# To wrap or not to wrap



## Caspr21

How many of you guys are wrapping your arrows now? If you are what are the pros and cons of doing it?

I am thinking about doing it for the look of it, but the stuff I have been reading makes me a little worried about fletchings coming off to easy. 
I am also wondering if it affects arrow flight?


----------



## TSpecks

Wes, I thought you were talking about something else... Sorry i dont have an answer for you.:thumbup::thumbup: If it was me I wouldnt wrap


----------



## coachmo32

Its all personal opinion. I dont like them because it adds weight to the arrows.


----------



## PanhandleBob

These are my latest, for my new Z7Xtreme-tactical

Been shooting dipped or wrapped arrows for many years. I have always used fastset gel for my fletchings and have been using blazers the last 3 or 4 years. I have never had a problem with them coming off too easy. The look great! Depending on color, a better look at blood to determine how good a hit...they can be a pain at times to remove when you need to re-fletch.....

Never had a problem with flight....I guess if you're border line on spine it could though, but as long as your bow is tuned you should be good.

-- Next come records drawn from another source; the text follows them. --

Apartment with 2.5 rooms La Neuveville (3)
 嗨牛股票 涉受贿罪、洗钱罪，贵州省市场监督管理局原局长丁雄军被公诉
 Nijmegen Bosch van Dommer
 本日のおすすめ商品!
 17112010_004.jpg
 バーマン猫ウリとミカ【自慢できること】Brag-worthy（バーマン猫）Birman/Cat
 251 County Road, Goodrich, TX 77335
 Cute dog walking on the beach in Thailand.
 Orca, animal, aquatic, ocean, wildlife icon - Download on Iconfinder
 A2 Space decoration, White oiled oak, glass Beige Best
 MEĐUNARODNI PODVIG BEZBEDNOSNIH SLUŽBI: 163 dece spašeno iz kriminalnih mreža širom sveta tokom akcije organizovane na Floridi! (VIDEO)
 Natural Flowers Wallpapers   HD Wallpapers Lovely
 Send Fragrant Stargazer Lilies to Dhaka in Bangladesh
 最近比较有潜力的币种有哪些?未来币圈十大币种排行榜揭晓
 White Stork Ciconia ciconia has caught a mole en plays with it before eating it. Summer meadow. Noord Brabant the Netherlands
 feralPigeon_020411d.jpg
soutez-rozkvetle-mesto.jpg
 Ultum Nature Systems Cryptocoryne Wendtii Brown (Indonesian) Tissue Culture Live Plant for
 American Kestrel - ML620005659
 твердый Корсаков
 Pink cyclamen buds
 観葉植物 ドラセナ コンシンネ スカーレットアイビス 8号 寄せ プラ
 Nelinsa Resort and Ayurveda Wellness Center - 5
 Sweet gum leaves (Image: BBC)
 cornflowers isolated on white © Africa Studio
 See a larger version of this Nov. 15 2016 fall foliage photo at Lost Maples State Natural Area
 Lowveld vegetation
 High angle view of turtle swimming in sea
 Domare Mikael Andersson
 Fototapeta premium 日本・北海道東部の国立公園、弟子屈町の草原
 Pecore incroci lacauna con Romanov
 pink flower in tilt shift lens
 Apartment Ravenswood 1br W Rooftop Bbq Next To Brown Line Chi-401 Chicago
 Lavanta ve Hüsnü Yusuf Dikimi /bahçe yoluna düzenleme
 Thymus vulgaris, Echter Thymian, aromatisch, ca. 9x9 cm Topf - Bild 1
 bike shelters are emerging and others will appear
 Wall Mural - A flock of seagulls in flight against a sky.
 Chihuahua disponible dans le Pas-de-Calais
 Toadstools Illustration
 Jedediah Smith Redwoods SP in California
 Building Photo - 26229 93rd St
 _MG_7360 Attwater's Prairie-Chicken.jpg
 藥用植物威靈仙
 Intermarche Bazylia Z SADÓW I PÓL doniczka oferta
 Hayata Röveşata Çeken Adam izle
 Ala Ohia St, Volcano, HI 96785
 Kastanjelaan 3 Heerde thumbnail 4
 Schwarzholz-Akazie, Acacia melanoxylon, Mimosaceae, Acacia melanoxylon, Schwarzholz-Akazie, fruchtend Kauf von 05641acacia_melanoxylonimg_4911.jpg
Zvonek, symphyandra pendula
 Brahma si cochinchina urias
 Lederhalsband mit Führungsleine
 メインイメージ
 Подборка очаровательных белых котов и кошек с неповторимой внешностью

Got my wraps from http://www.arrowrap.com/ 

They have a custom tool and you can create your own.


----------



## Emerald Ghost

*Arrow wraps*

I have a Bitzenberger Jig, and fletch all of my arrows. A friend of mine who is starting his own wrap business, gave me a dozen wraps awhile back to try.
I did a color coordination of the arrows, labels, and fletching and they came out okay. 
I take Archery hunting seriously, and I take no chances with "goodies". Therefore, these are just for fun, and there won't be any Slick Tricks going on these.
fyi / They do add a small amount of weight, and I believe the wrap will be damaged in the event that you have to re fletch. my .02


----------



## ScullsMcNasty

No wrap  lol I just wanted to reply with a picture to show you what I'm doin this afternoon and make you a little jealous! Having the forum on my phone is fun haha


----------



## BOGIA

Hey,i think ive been in that tree before!!!


----------



## Barry Cole

ScullsMcNasty said:


> No wrap  lol I just wanted to reply with a picture to show you what I'm doin this afternoon and make you a little jealous! Having the forum on my phone is fun haha


Any luck Scully? Wes I bet they'll have a pink wrap for ya!!!


----------



## bigbulls

I wrap all of my arrows, usually with white, but always a very bright color and also suggest it to my customers. 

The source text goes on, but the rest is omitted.